HTML and DOM lack those because that’s not what they’re for. Stop trying to build desktop and mobile applications using a document markup language. If you’re building a client-side application, use the platforms’ native languages and technologies.
It should be possible to port a modern browser engine to an average new PC from 1995 and use almost the entire web, over 33.6K dialup, with good performance—modulo high-res/quality images, audio, and video. That we’ve allowed the web to get away from this says way more about web development than technology.
> HTML and DOM lack those because that’s not what they’re for. Stop trying to build desktop and mobile applications using a document markup language. If you’re building a client-side application, use the platforms’ native languages and technologies.
People love to say this here but I've never seen a good reason for it. Web technologies are far and away the best I've used for creating user interfaces. And there are significant advantages to building on the web. How else can someone jump into collaborating on a document or a picture with me — without installing anything — after receiving only a short text?
>How else can someone jump into collaborating on a document or a picture with me — without installing anything — after receiving only a short text?
To be fair, that doesn't require HTML and the DOM, it just requires a network. It just happens that the network we have is used to serve HTML and everyone already had the app installed (browsers) when "web apps" became a thing.
Indeed, some of us were doing it many years ago in native applications, no HTTP involved, on hardware a fraction as powerful as the average smart watch.
HTML and DOM are genuinely poor media for doing that though. A lot of web development is working around them.
However, it’s the only common UI we have. It is defined outside the scope of any one platform. And if you want to serve HTML, you have to conform to the spec.
There is no UIML. If there were and if it were served via HTTP, we could have all of what you want AND a better web development experience
All native toolkits are better to work with for UI than HTML+DOM.
To paraphrase: saying HTML+DOM is great because it works everywhere is like saying anal sex is the best because it works on everyone.
Eventually, in any significantly complex application, you will have to work around the DOM. Or kick to rolling your own controls because HTML doesn't have what you need. React, Angular, Vue, Bootstrap, Tailwind, Material, the others, they all exist because HTML+DOM is not made for what it has been forced to do.
"Centering a div" is a meme for a reason. You don't have those problems with native UI.

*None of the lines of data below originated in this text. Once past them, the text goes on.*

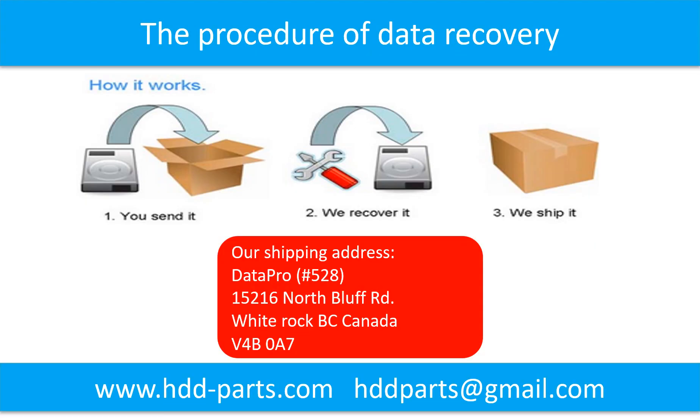This picture shows the procedure of how we do data recovery for our clients. First, the client sends their hard drive to us. Second, we do data recovery. Third, we ship the data back to our clients.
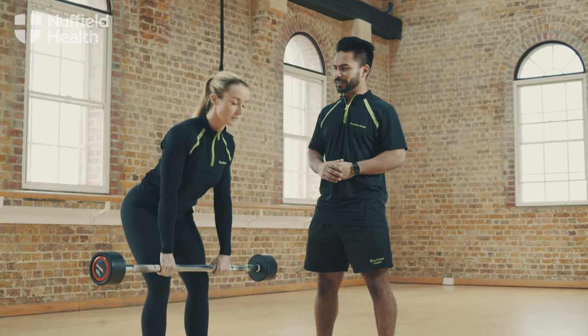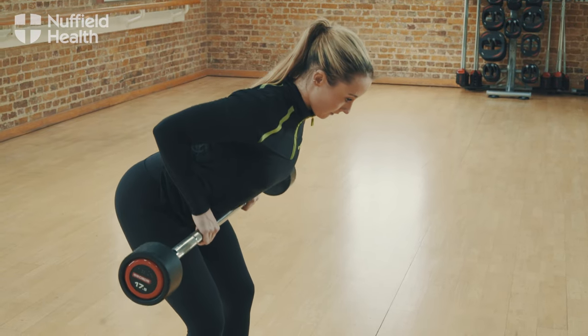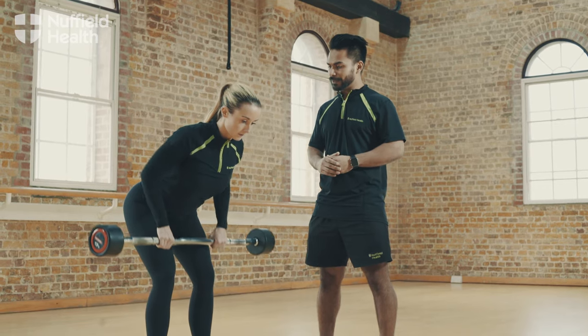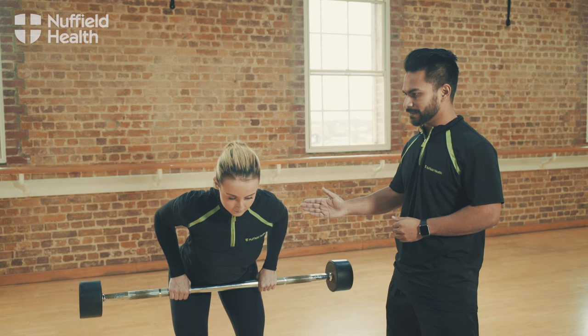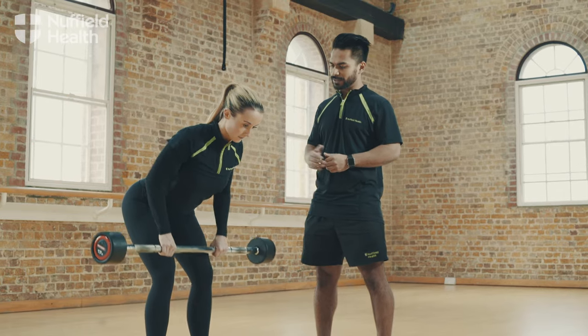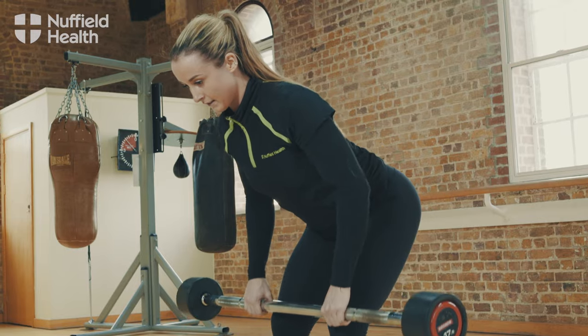Brake at the hip, keeping the neck in line with the spine and your eyes are fixed about a meter in front of you on the floor. You'll drive the barbell up into the belly button, keeping the elbows tucked in and squeezing the shoulder blades. Keep the barbell tracked in line with the thighs, with the rest of the body staying nice and still.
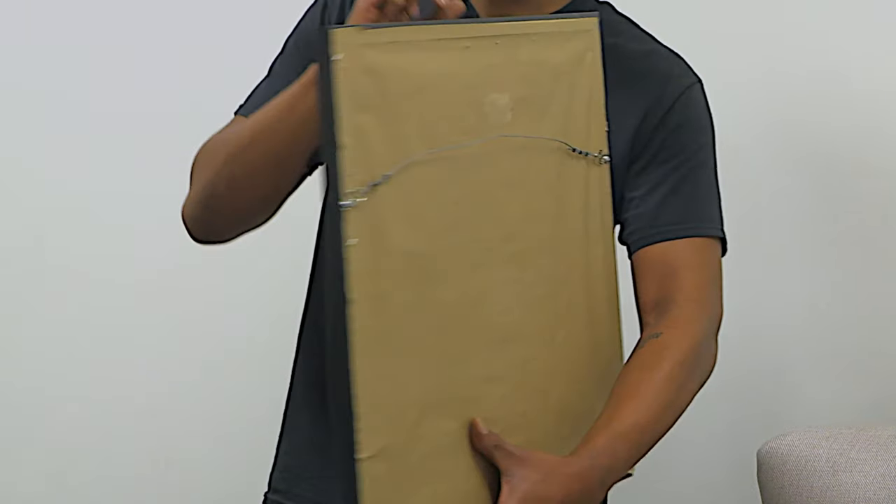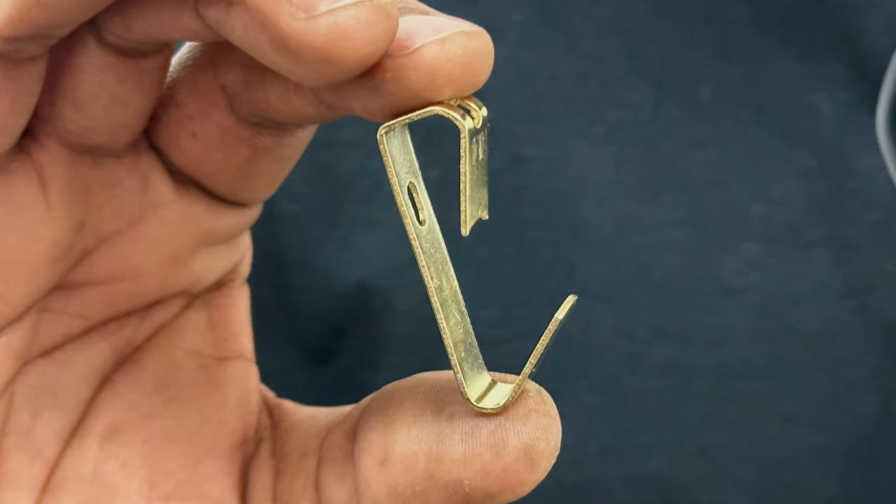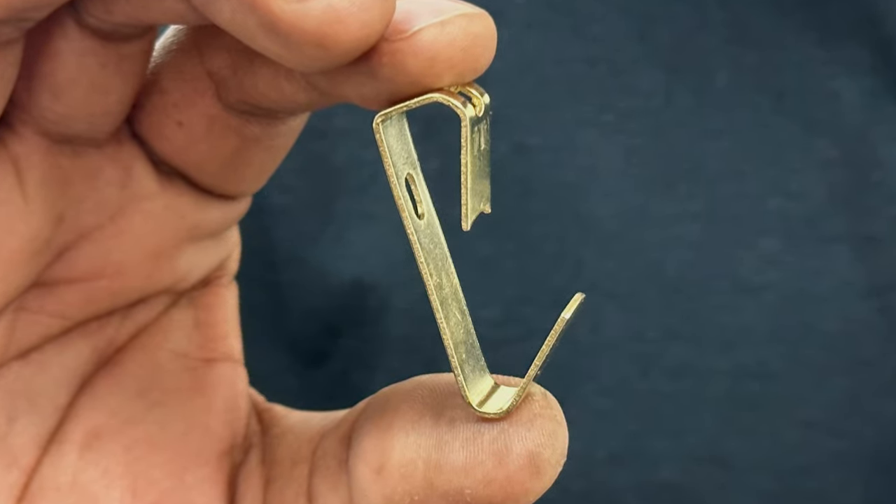For any other standard sized pictures, and for those with hanging wire attached to the back like this one, J-hook picture hangers work best. You can find these in a standard hanging kit sold at most frame retailers. These are commonly rated for holding 20 to 30 pounds.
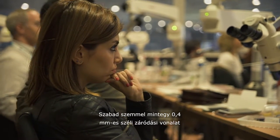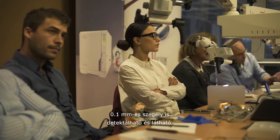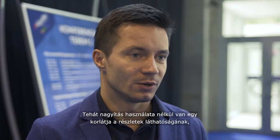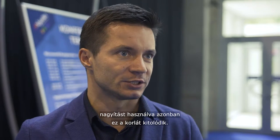With the naked eye, you can see the margin at 0.4 mm — you cannot see closer. With the microscope you can do it at 0.1 mm. So there is a clear limit of vision control when you're not using magnification versus when you are.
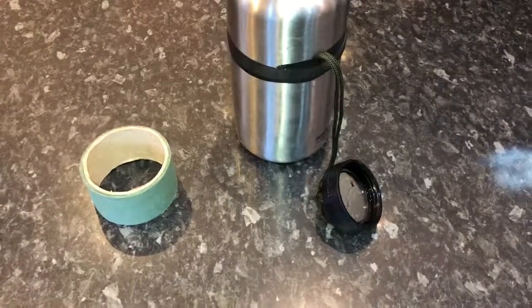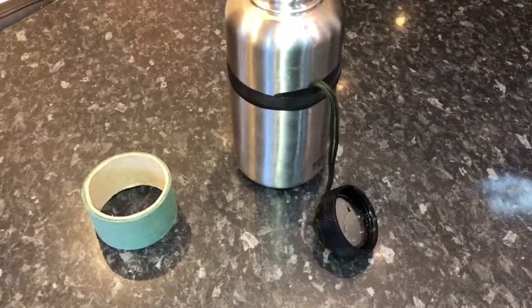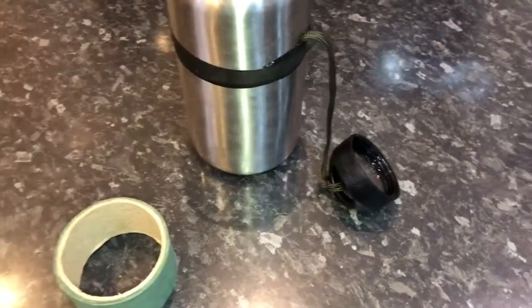Hi everyone, welcome back to the channel. What I've got for you in this video is a quick tip on how to prevent losing your water bottle lid.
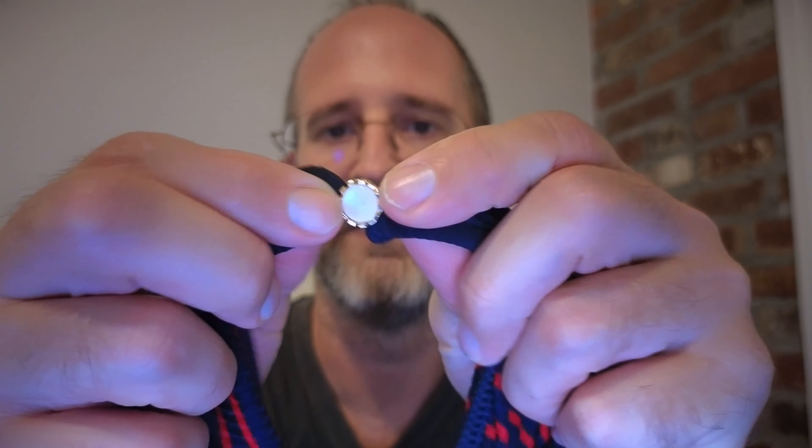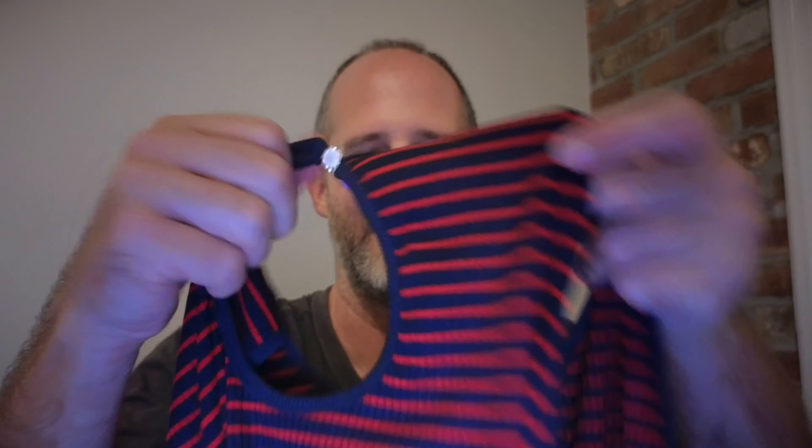There's a little thing on the back here I want to show you — a little clip on there that you can actually connect in the back.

There is a very clear market desire for desktop style apps delivered through browsers.
Users love it. Users hate installers. Users hate updates. Webpages have neither.
Companies love it. Makes subscription access apps easy to sell. Makes it easy to target all platforms and keep costs low.
Seems very flippant to completely dismiss the dominant trend in this industry over the past 20 years as simply wrong.
I agree the technologies are not well suited to this purpose which is why I avoid frontend at all costs. But powerful web apps generate a lot of value for a lot of people, myself included.
Nah. This “dominant trend” exists because companies are always trying to get developers as cheaply as possible, not because pretending web pages are applications actually provides real productivity or usability or even deployment benefits over the long term relative to native applications.
Some of us have been in this industry long enough to see the same promises come around several times in various forms and they’ve always been bullshit. Thats why I don’t participate in it and stick to native development.
I disagree. Most of the "interactivity" is attention-stealing anti-patterns that no sane person actually wants.
News sites with scrolling auto-playing videos, overly-complex SPAs that are slow when you just want to get this specific task done, newsletter subscription modals, the list goes on.
True "webapps" are rarer than we've been lead to believe.
It should be possible to port a modern browser engine to an average new PC from 1995 and use almost the entire web, over 33.6K dialup, with good performance—modulo high-res/quality images, audio, and video. That we’ve allowed the web to get away from this says way more about web development than technology.